**Try it**
Transcribe every line of the material below exactly, leaving out the pictures.

**Extracted material**

§

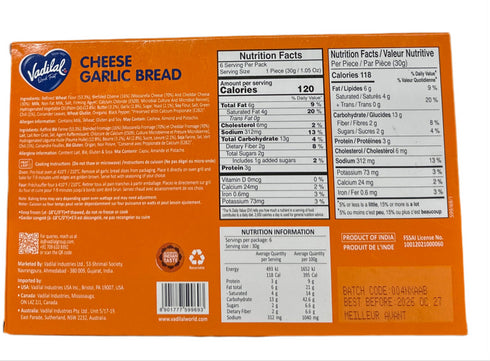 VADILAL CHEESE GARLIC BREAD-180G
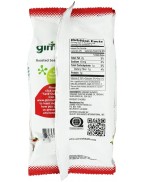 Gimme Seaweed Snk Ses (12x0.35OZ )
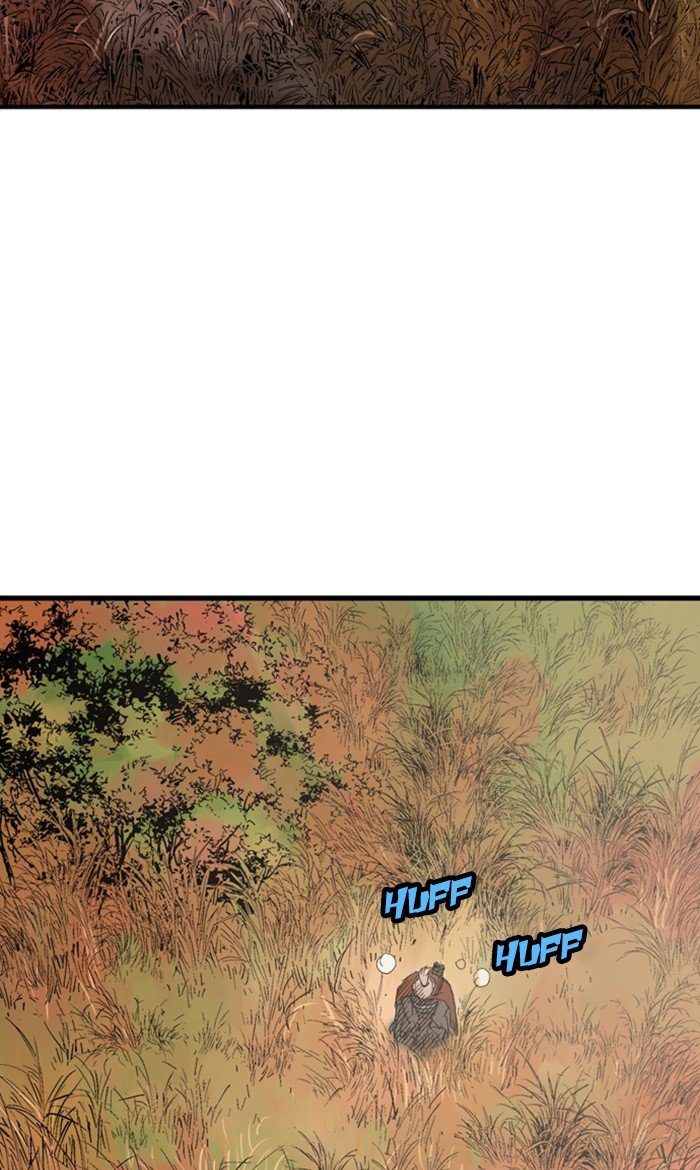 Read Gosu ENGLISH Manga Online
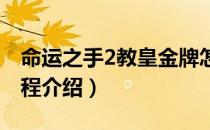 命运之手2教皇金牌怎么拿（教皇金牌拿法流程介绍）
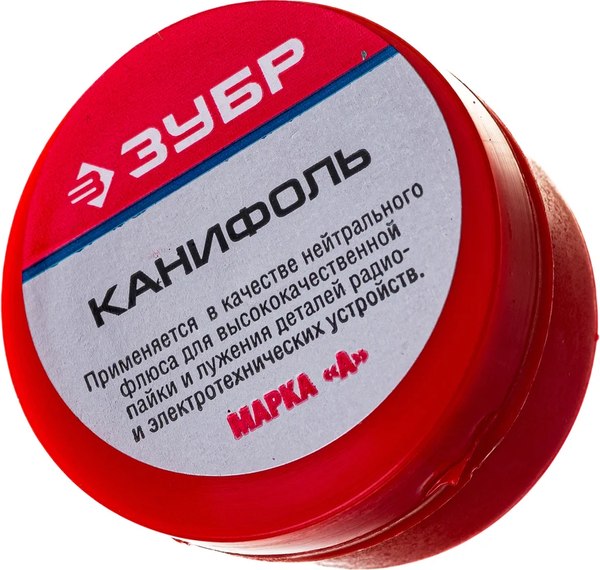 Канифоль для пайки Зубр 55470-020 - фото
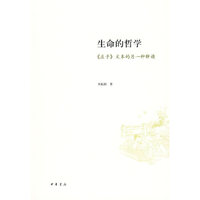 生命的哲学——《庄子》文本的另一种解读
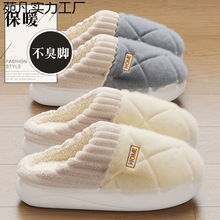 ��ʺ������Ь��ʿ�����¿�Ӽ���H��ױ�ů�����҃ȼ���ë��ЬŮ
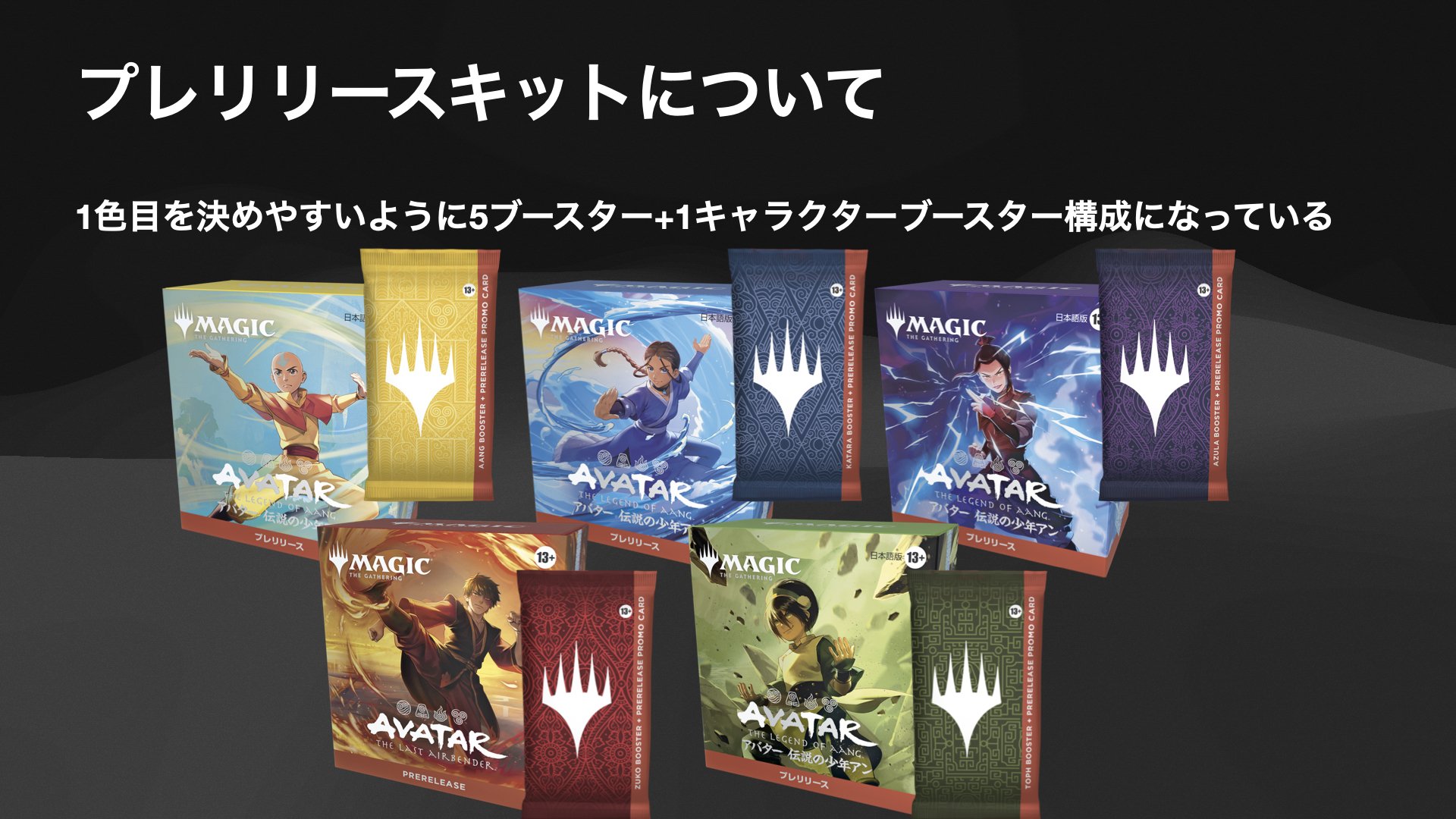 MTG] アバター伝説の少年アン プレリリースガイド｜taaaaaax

§

**Your response**
 VADILAL CHEESE GARLIC BREAD-180G
 Gimme Seaweed Snk Ses (12x0.35OZ )
 Read Gosu ENGLISH Manga Online
 命运之手2教皇金牌怎么拿（教皇金牌拿法流程介绍）
 Канифоль для пайки Зубр 55470-020 - фото
 生命的哲学——《庄子》文本的另一种解读
 ��ʺ������Ь��ʿ�����¿�Ӽ���H��ױ�ů�����҃ȼ���ë��ЬŮ
 MTG] アバター伝説の少年アン プレリリースガイド｜taaaaaax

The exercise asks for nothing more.